EXERCISE PROMPT: Setting pictures aside, output exactly the lines from the start of the records to the line with "Красная железная техническая", that line included.

MATERIAL PROVIDED:
*** Block opens ***

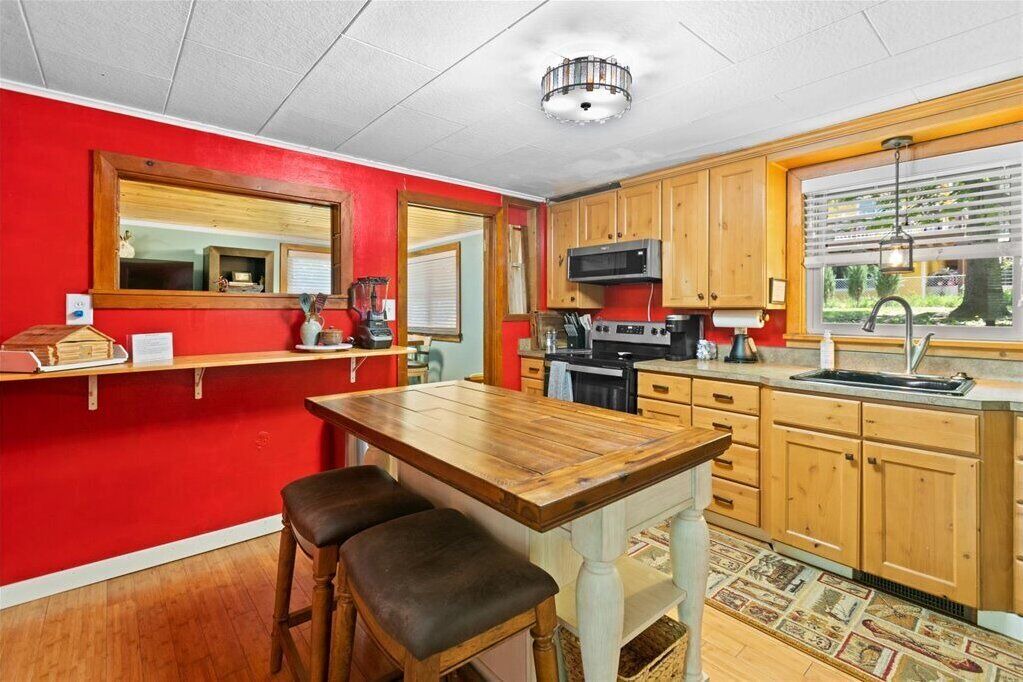 Photo of Kitchen in Lower Rattlesnake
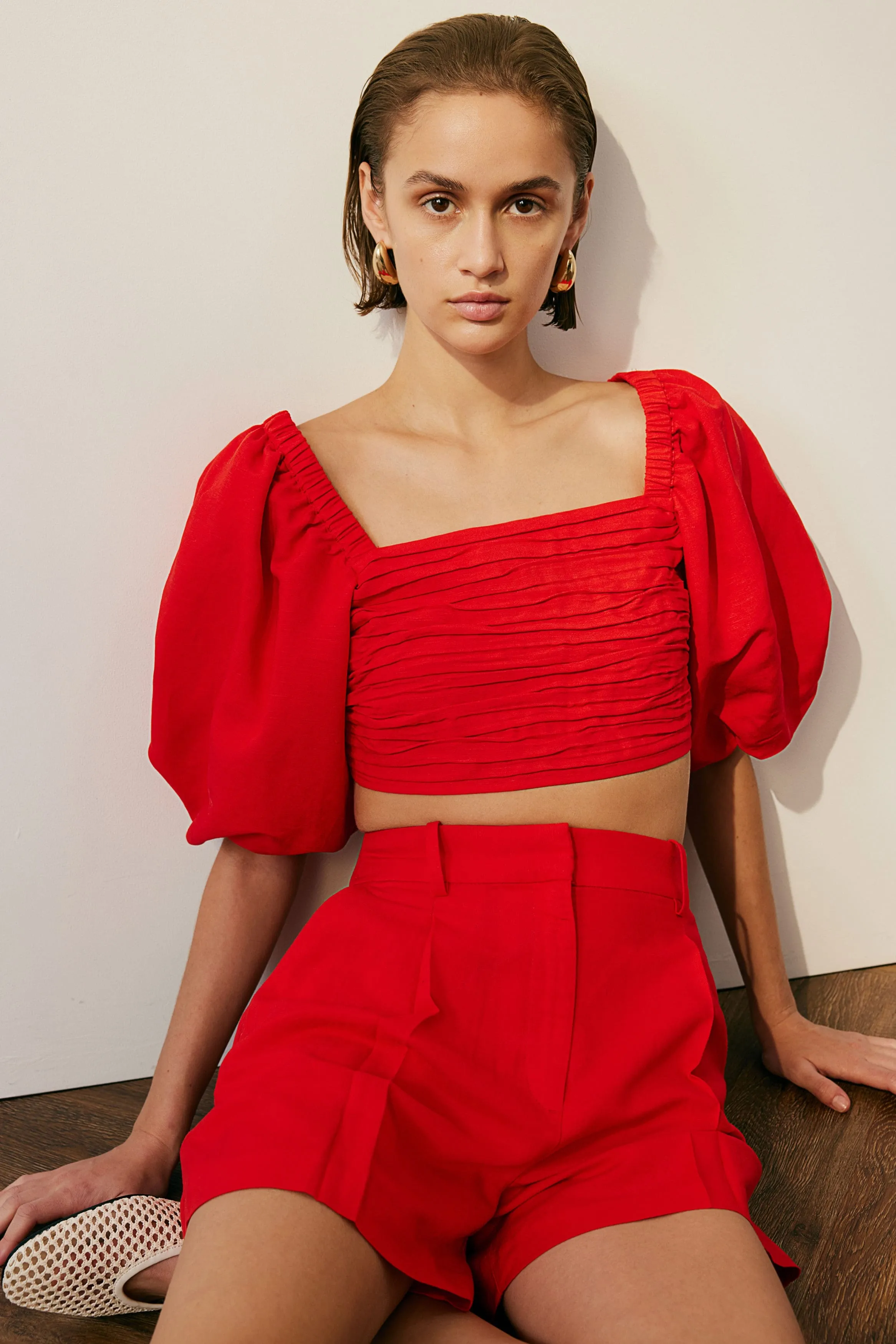 CROP GATHERED BODICE RED TOP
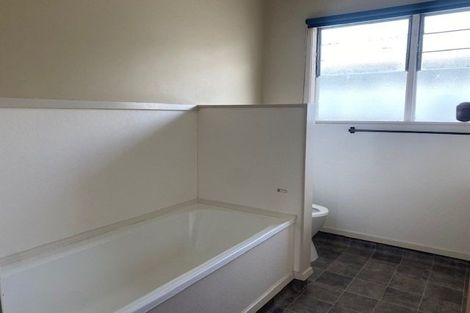 Photo of property in 18 Scully Crescent, Onekawa, Napier, 4110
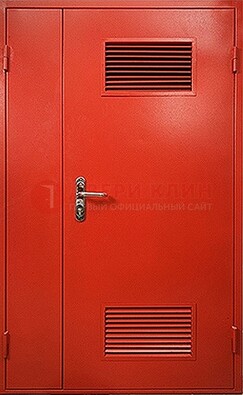 Красная железная техническая дверь с вентиляционными решетками ДТ-4 в Кубинке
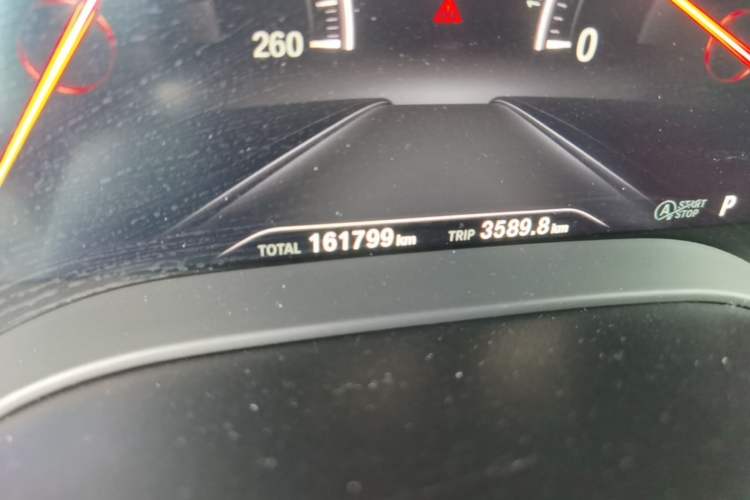 Used BMW 5 Series 2019 530Li Leading Model M Sport Package Odometer Close Up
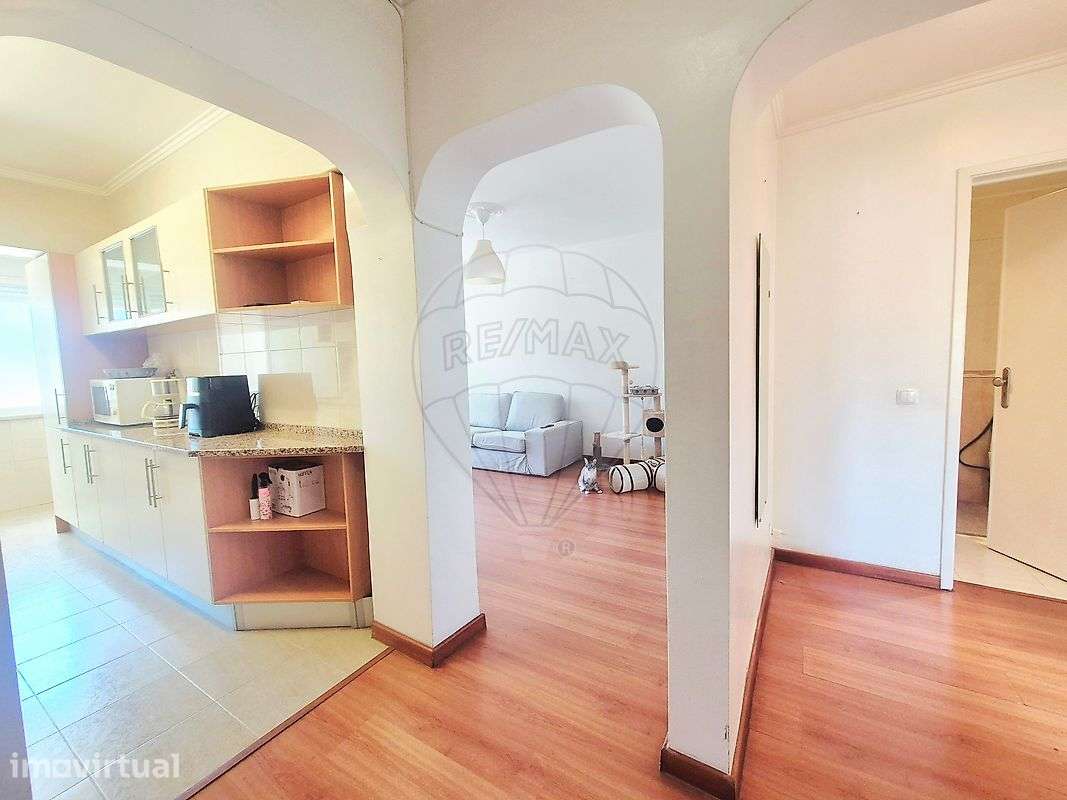 Apartamento T2 para arrendamento - Grande imagem: 2/35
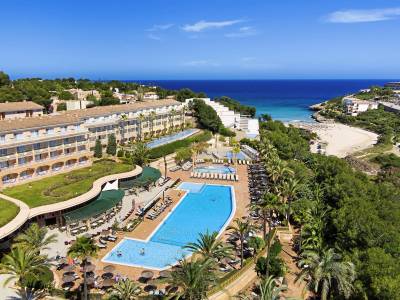 best FAMILY Cala Mandia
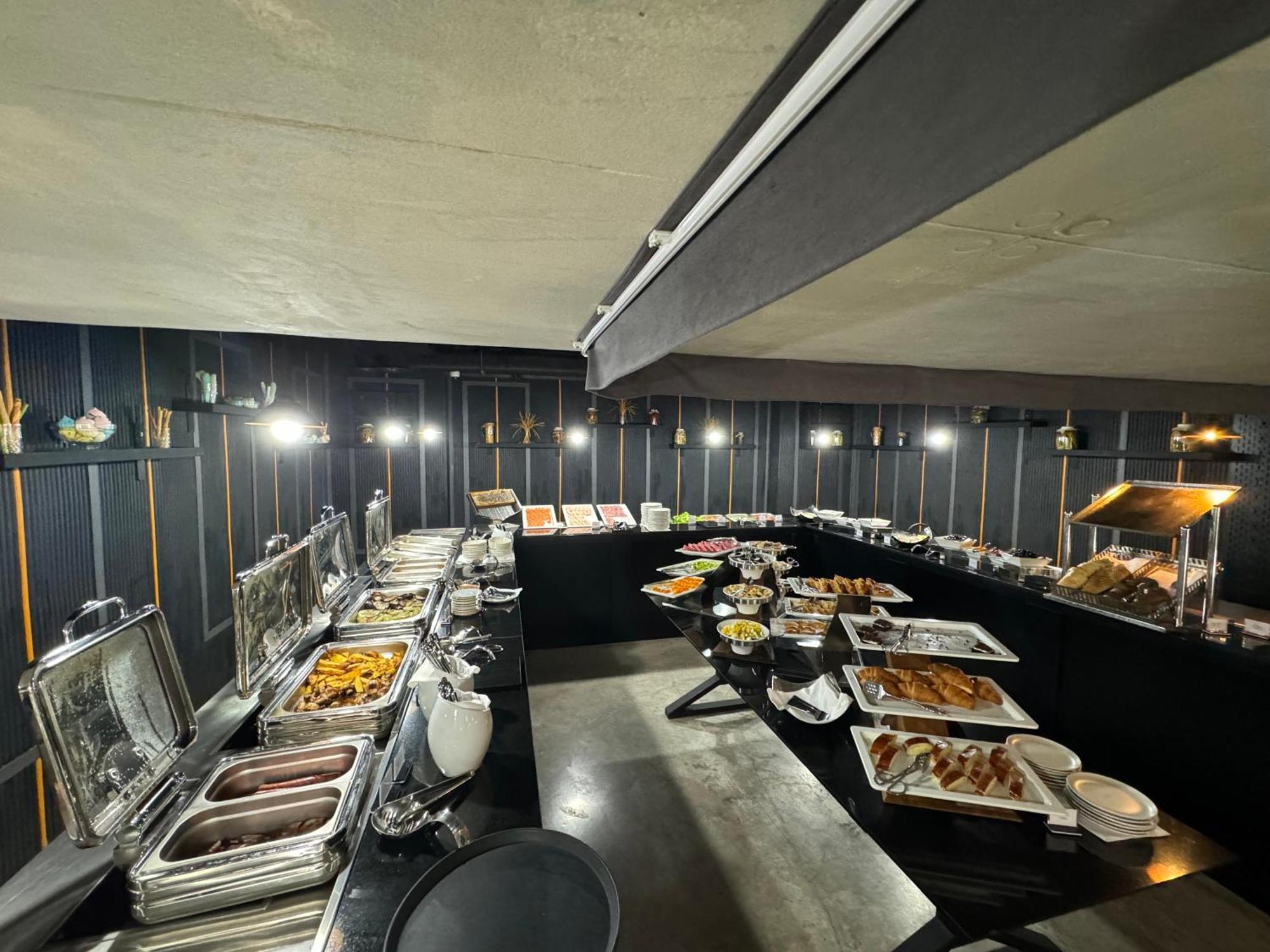 Your Sunshine Apartments Batumi Esterno foto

*** Block closes ***

ANSWER TO THIS EXERCISE:
 Photo of Kitchen in Lower Rattlesnake
 CROP GATHERED BODICE RED TOP
 Photo of property in 18 Scully Crescent, Onekawa, Napier, 4110
 Красная железная техническая дверь с вентиляционными решетками ДТ-4 в Кубинке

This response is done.